■ WORK INSTRUCTION:
Exclude the pictures. Transcribe, exactly as written, the lines from the one with "Четырёхместный номер Comfort Englehart Inn" through the end of the entries below.
--- DATA SHOWN Enclosed Below ---
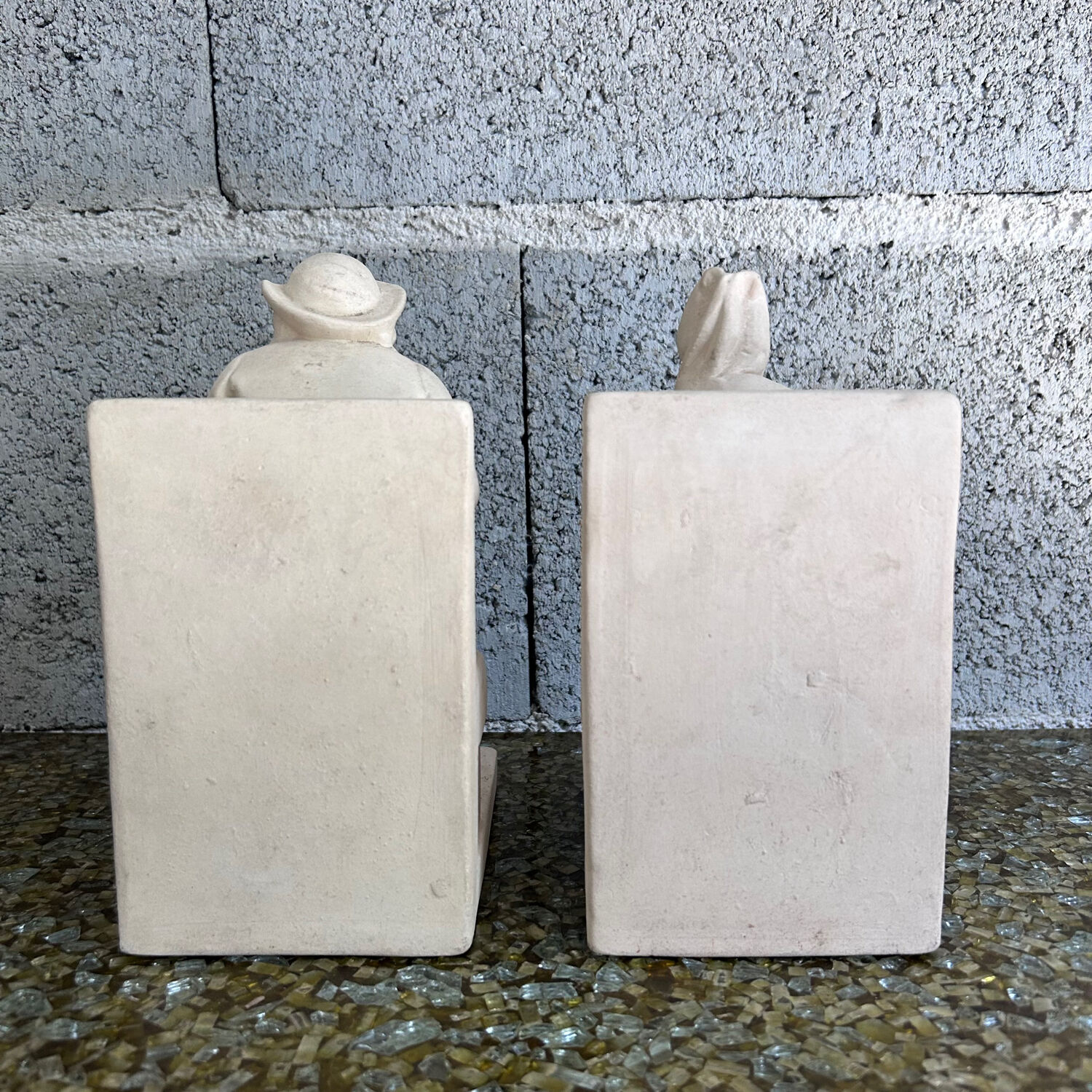 Paire de serre livres personnages bretons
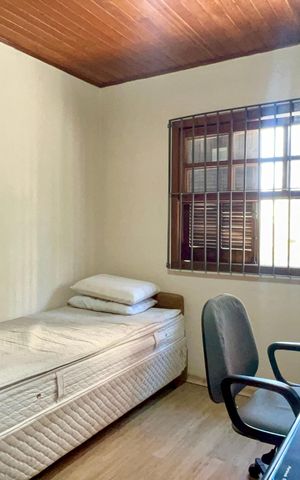 Casa à venda com 255m², 3 quartos e 2 vagas Casa à venda com 255m², 3 quartos e 2 vagasQuarto 2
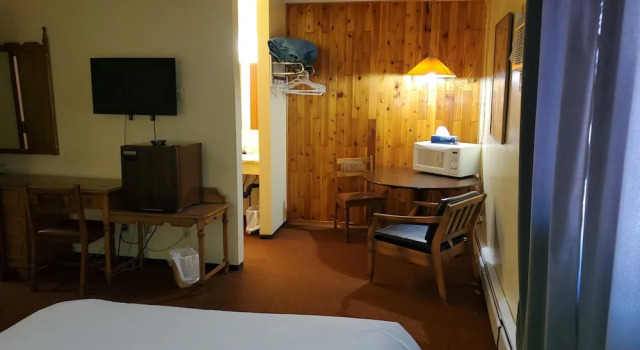Четырёхместный номер Comfort Englehart Inn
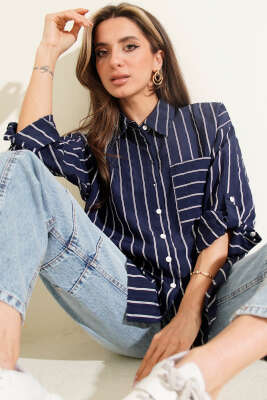 Çizgili Göğüs Cepli Salaş Gömlek Lacivert - Kadın Giyim Modelleri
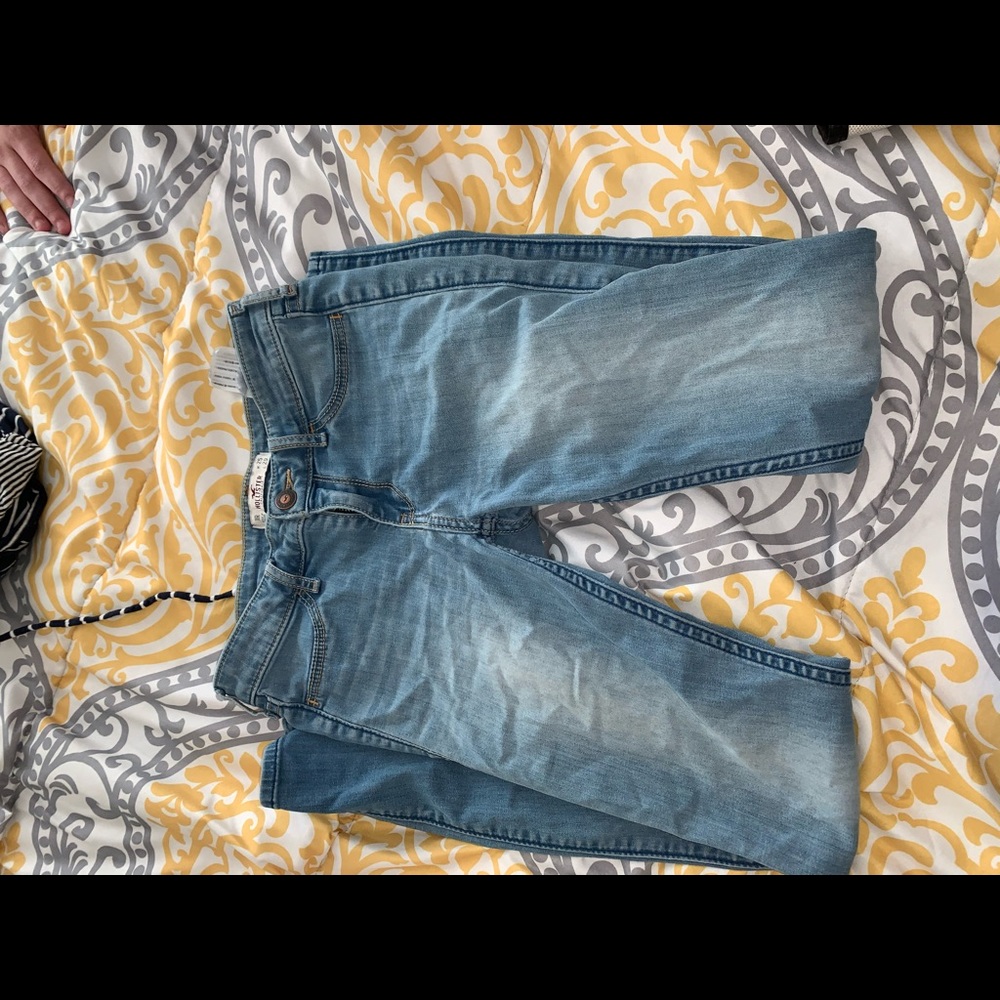 Hollister jeans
--- End of Enclosed DATA SHOWN ---
■ WRITTEN RESPONSE:
Четырёхместный номер Comfort Englehart Inn
 Çizgili Göğüs Cepli Salaş Gömlek Lacivert - Kadın Giyim Modelleri
 Hollister jeans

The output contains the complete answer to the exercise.